3.4.1 Exploratory Data Analysis
It incorporates the acquisition of a dataset of two schools in the Alentejo region of Portugal [17], planning to perform data analysis and pattern recognition, data preprocessing, integration, applying feature engineering and feature selection strategies, etc. [23]. School reports and in-house surveys were used to compile the qualities, which include student grades, demographic, social, and school-related data. Exploratory data analysis (EDA) has shown abnormalities in data, hidden trends and patterns, and feature connections as a result of its open-ended nature. There are 1044 occurrences with 33 different variables [24]. A binary value of 1 or 0 is the target variable. Student status would be "pass" or "fail" if the binary number 1 was selected. A considerable association exists between the labelled data for G3, which represents the student's final year of high school, and the first and second periods of high school, respectively, in terms of grades. Fig. 2 depicts the segregation of rows that correspond to 1 and the 230 instances of 0 that are valued in relation to the output (label) variable. The characteristics relating to students’ performance include grades from their corresponding semesters as shown in Table 1. Depending on the input features, students were classified as "passed" or "failed."
Exploring the dataset, it is found that 81% of students who are studying at GP School acquire more academic grades than students at MS school. Females are getting 78% higher grades than males, which is 76%. The performance of the students aged 15–20 shows remarkable progress. As far as the students of urban areas are concerned, they are better than rural-area students. Students whose parents are educated and working, particularly in the health or education sectors, are more likely to achieve good academic results, as illustrated in Fig. 3.

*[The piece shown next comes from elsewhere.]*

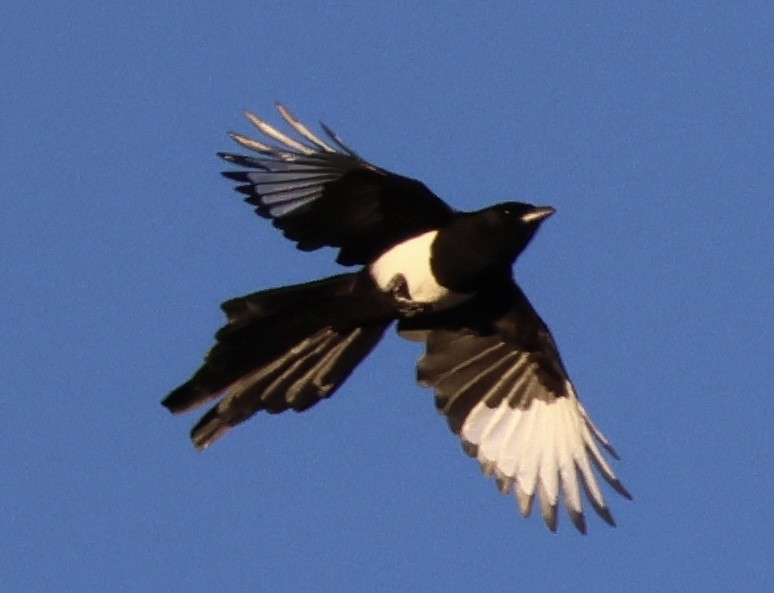 Eurasian Magpie (Iberian) - ML609289042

Fig. 2. Bifurcation of final grade.

Table 1. Characteristics of dataset for simulation process
Attribute Description Type Range
school  School of student Binary 'GP' Gabriel Pereira, 'MS'  Mousinho da Silveira
sex  Sex of students Binary ‘F’ female or 'M' male
age  Age of students Numeric 15 to 22
address  Address of students Binary 'U' urban or 'R' rural
Medu  Mother's education  Numeric 0 (none), 1 (primary education, 4th grade), 2 (5th–9th grade), 3 (secondary education) or 4 (higher education)
Study_time  Weekly study times Numeric 1 (≤2 hours), 2 (2–5 hours), 3 (5–10 hours) or 4 (≥10 hours)
failures  Past_Class_Failures  Numeric n if 1≤n<3, else 4
Schools_up  Education_support Binary Yes/No
famsup  Family_education_support Binary Yes/No
higher  Higher education Binary Yes/No
Walc  Alcohol consumption Categorical from 1 very bad to 5 excellent
health  Present_Health_Status Categorical from 1 very bad to 5 excellent
absences  School_Absences Numeric From 0 to 93
G1  First_Period_Grade Numeric From 0 to 20
G2  Second_Period_Grade Numeric From 0 to 20
G3 Final_Grade Binary 0 fail or 1 pass

Fig. 3. Feature status with label

The students who have a minimum failure rate, give more time to study, and avoid unnecessary travel time seem to have a good grade with more than 80%. There is a prominent difference between students who seek higher education and those who are not interested in getting a higher education. Approximately 80% of students among them acquire a higher grade, compared to 48% of students who have no provision for higher education. The 75% to 80% of students with weekend alcohol consumption prove to be better grade handlers than those students who are workday alcohol consumers. Students possessing good health and regular status (few absentees) get good grades as shown in Fig. 4.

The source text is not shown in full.